Simbologia Occulta e Archetipica
Cristo come “archetipo del risorgente”
Lo sguardo e la posizione del corpo non rimandano tanto a una figura storica, quanto a un archetipo junghiano: l’uomo nuovo, trasfigurato dal trauma.
- I tratti del volto sono asimmetrici, ibridi, come a voler evocare la natura duale dell’uomo divinizzato
- Le spire e le lingue bronzee che lo avvolgono non sono solo distruzione, ma nascita, come placente metalliche di un parto cosmico
Il serpente e la crisi iconografica
La teoria che identifica la Sala Nervi con la testa di un serpente non è del tutto da scartare sul piano simbolico. Il serpente, nella Bibbia, non è solo male, ma anche sapienza e trasformazione (vedi serpente di bronzo in Nm 21,8-9; Gv 3,14).
Il Cristo che “risorge dalla bocca del serpente” potrebbe essere letto come colui che converte il simbolo della distruzione in salvezza: un’alchimia spirituale della redenzione.
Contrasto con la Croce tradizionale
L’assenza di una croce fisica evidente al centro dell’opera non è casuale: la croce è implosa nel corpo stesso del Risorto, è diventata esplosione di energia spirituale.
Questa visione rompe con la rappresentazione classica e si avvicina alla “teologia della crisi” del Novecento (Moltmann, Guardini, Bonhoeffer).

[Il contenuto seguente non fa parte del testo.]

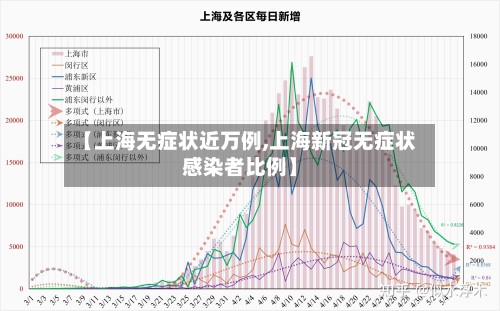 【上海无症状近万例,上海新冠无症状感染者比例】
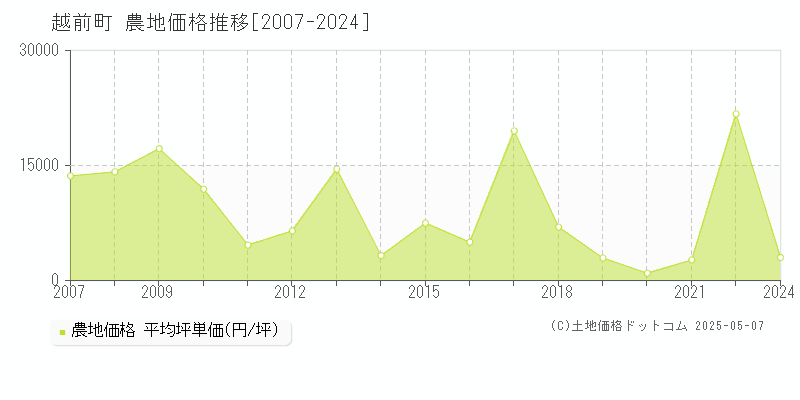 越前町(福井県)の農地価格推移グラフ(坪単価)[2007-2024年]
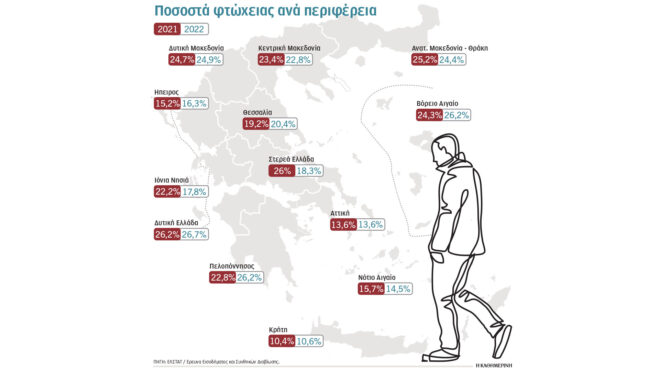 ερευνα-διανεοσις-ποιές-περιφέρειες-χ-563052583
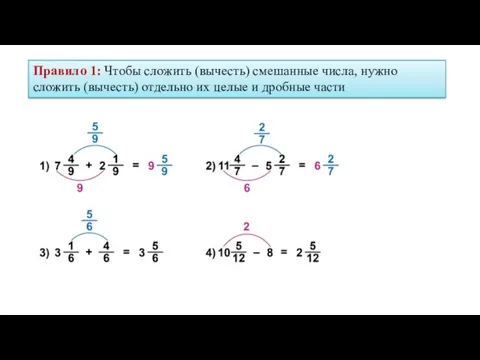 Правило 1: Чтобы сложить (вычесть) смешанные числа, нужно сложить (вычесть) отдельно их целые и дробные части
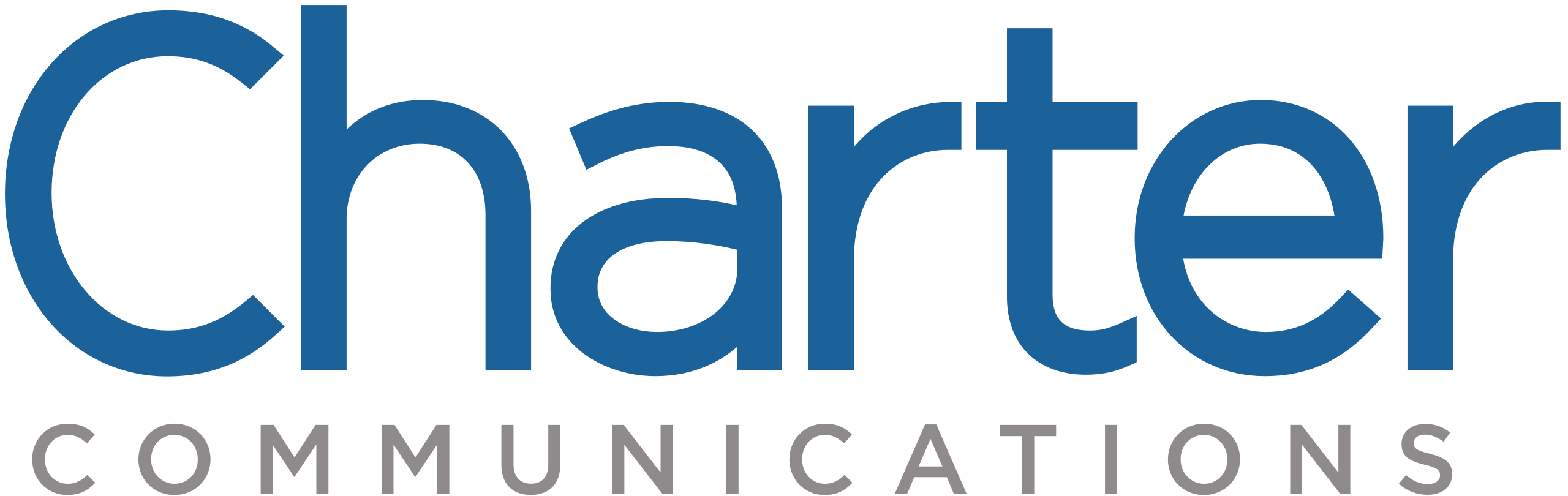 Charter Communications-Aktie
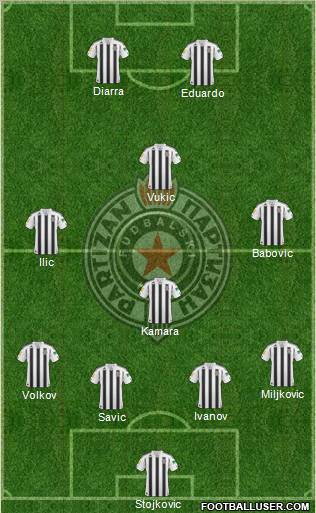 FK Partizan Beograd Formation 2011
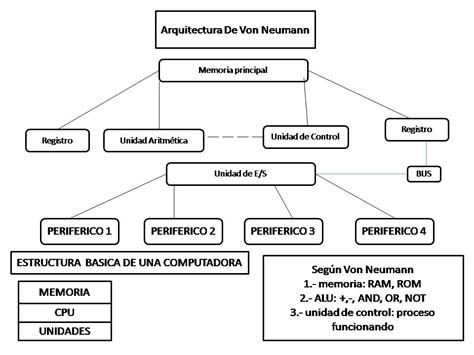 Luis Angel Arquitectura De Von Neumann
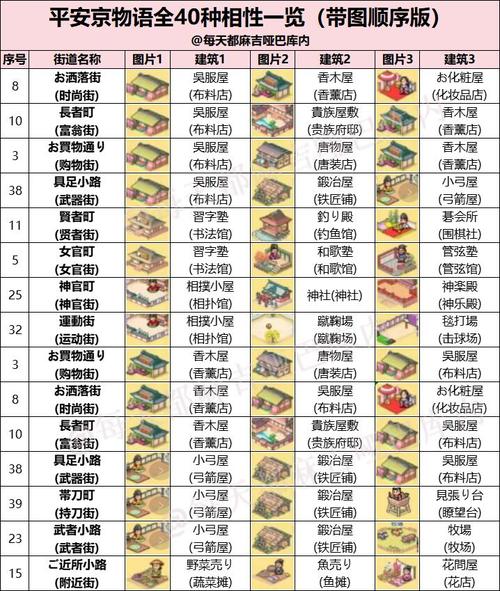 平安京物语开罗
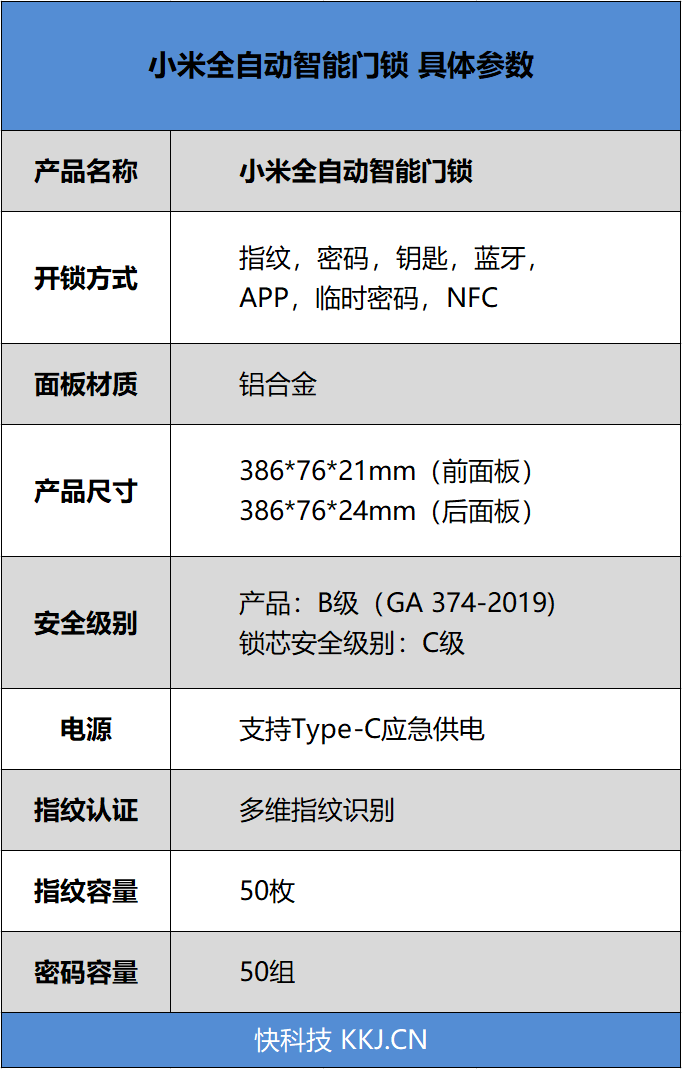 BWIN·必赢(中国)唯一官方网站指纹一触全搞定 小米全自动智能门锁评测体验：开(图2)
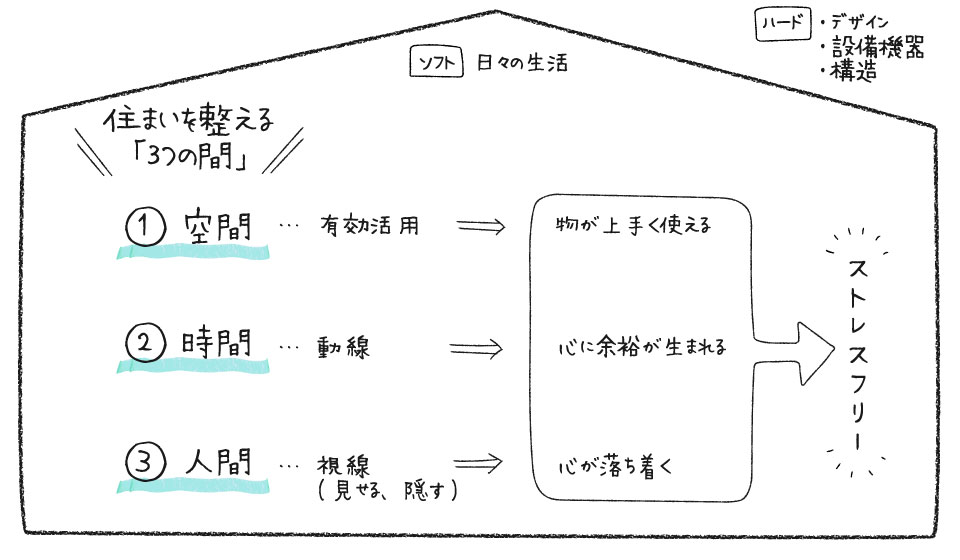 3つの間まとめ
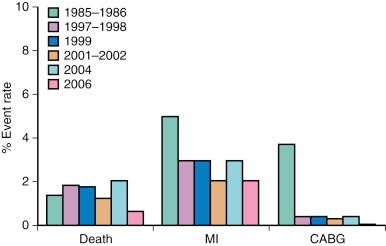 Fig. 29.1, Improvements in percutaneous coronary intervention outcomes through its evolution from the balloon angioplasty to the drug-eluting stent era are reflected in the National Heart, Lung and Blood Institute Dynamic Registry. CABG , Coronary artery bypass grafting; MI , myocardial infarction.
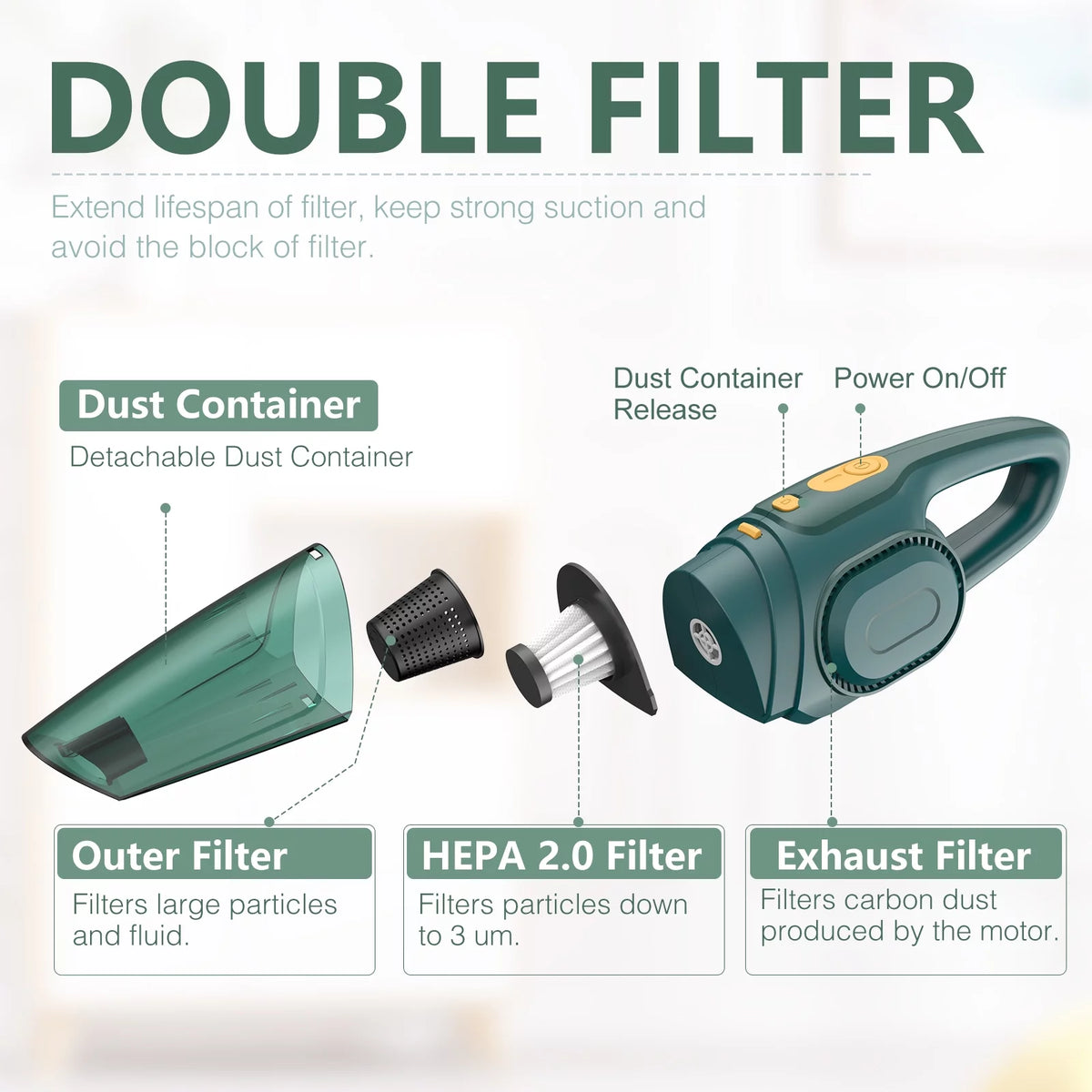 Hand Held Cordless Bagless Wet Dry Car Vacuum Cleaner I3042
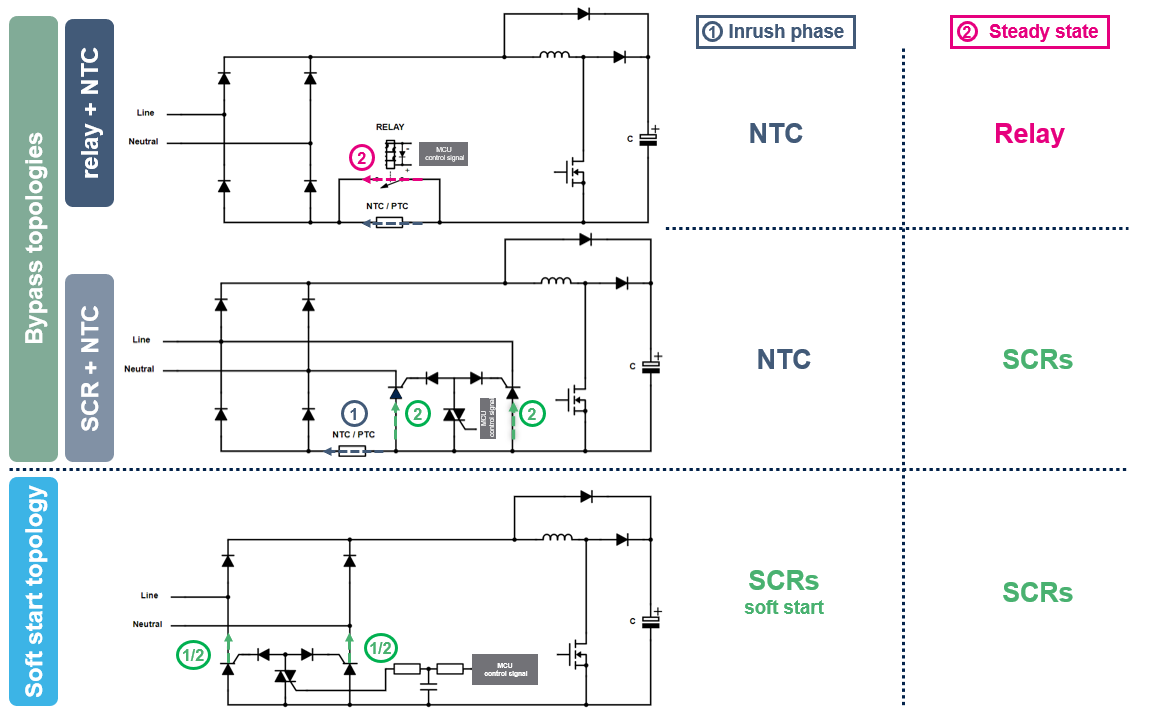 如何利用SCR輕松驅動AC/DC轉換器啟動？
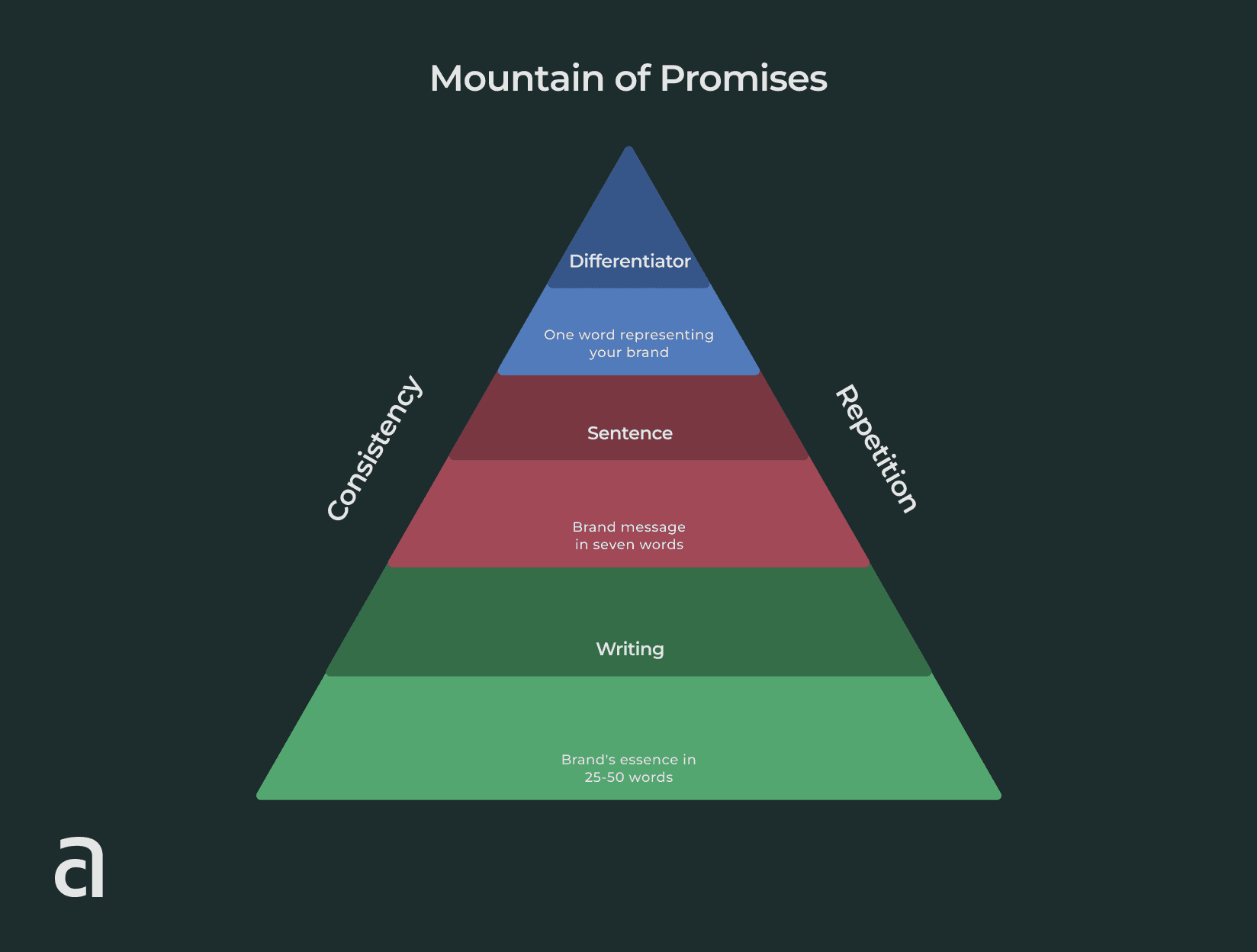 coworking brand building - mountain of promises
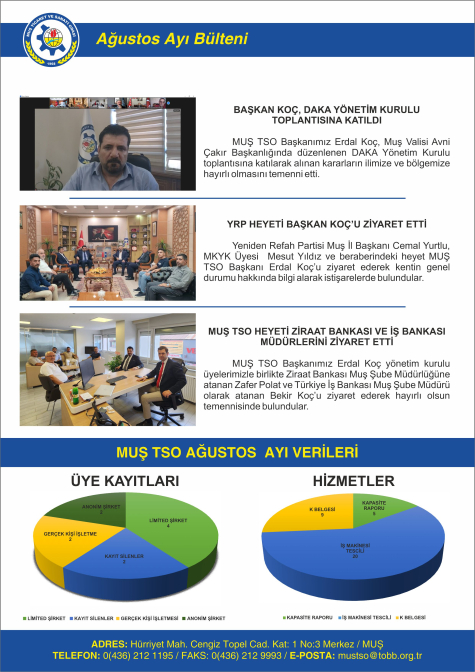 MUŞ TSO Ağustos Ayı Bülteni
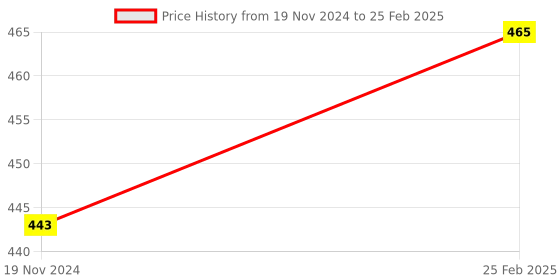 robu.in 2 x 18650 Lithium Battery Shield for Arduino,ESP32 ,ESP8266 Price History Graph from 19 Nov 2024 to 25 Feb 2025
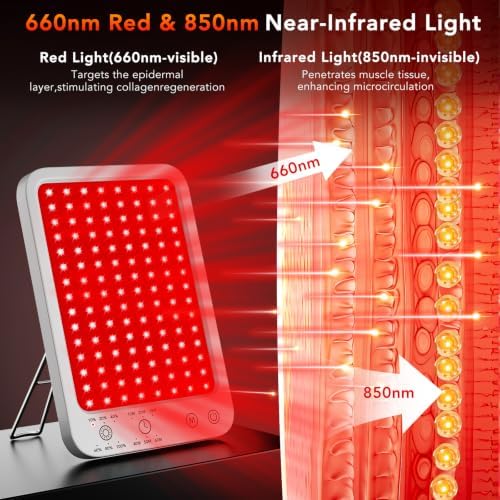 Red Light Therapy, 660nm & 850nm Dual Near-Infrared Red Light Panel with Adjustable Stand, Built-in Timer, 3 Modes 6 Brightness, for Body&Face, Home & Travel, Gift for Men and Women - Image 2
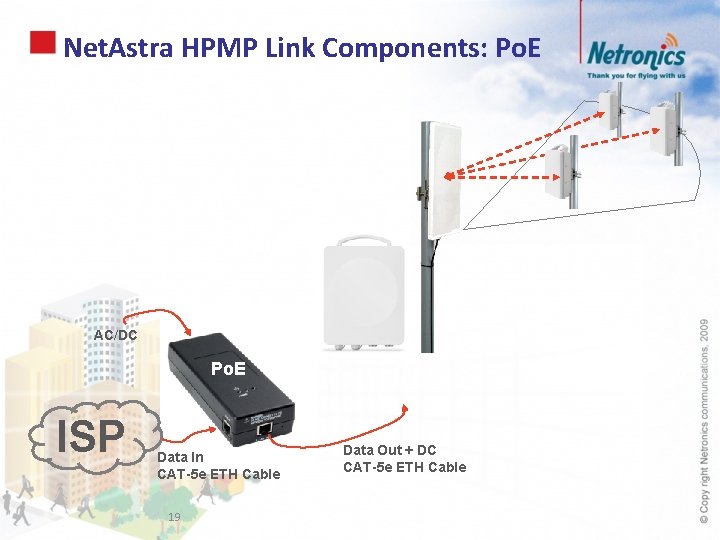 Net. Astra HPMP Link Components: Po. E AC/DC Po. E ISP Data In CAT-5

Cristo e il fuoco atomico: una lettura apocalittica
L’intero scenario richiama il linguaggio dell’Apocalisse:
- Fiamme, nubi, terra sconvolta
- Il Risorto come colui che viene tra le nubi, ma non dall’alto… bensì dal profondo della storia umana
- Si può leggere l’opera come una profezia visuale:
“Ecco, io faccio nuove tutte le cose” (Ap 21,5)
“La Resurrezione” di Fazzini interroga, non consola. È un’opera profetica, che mostra un Dio immerso nel trauma del Novecento, e che risorge non per fuggire dalla storia, ma per trasfigurarla dall’interno.
È un’opera per chi ha occhi per vedere l’invisibile, e per chi accetta che la gloria pasquale non sia più solo luce, ma anche cenere redenta.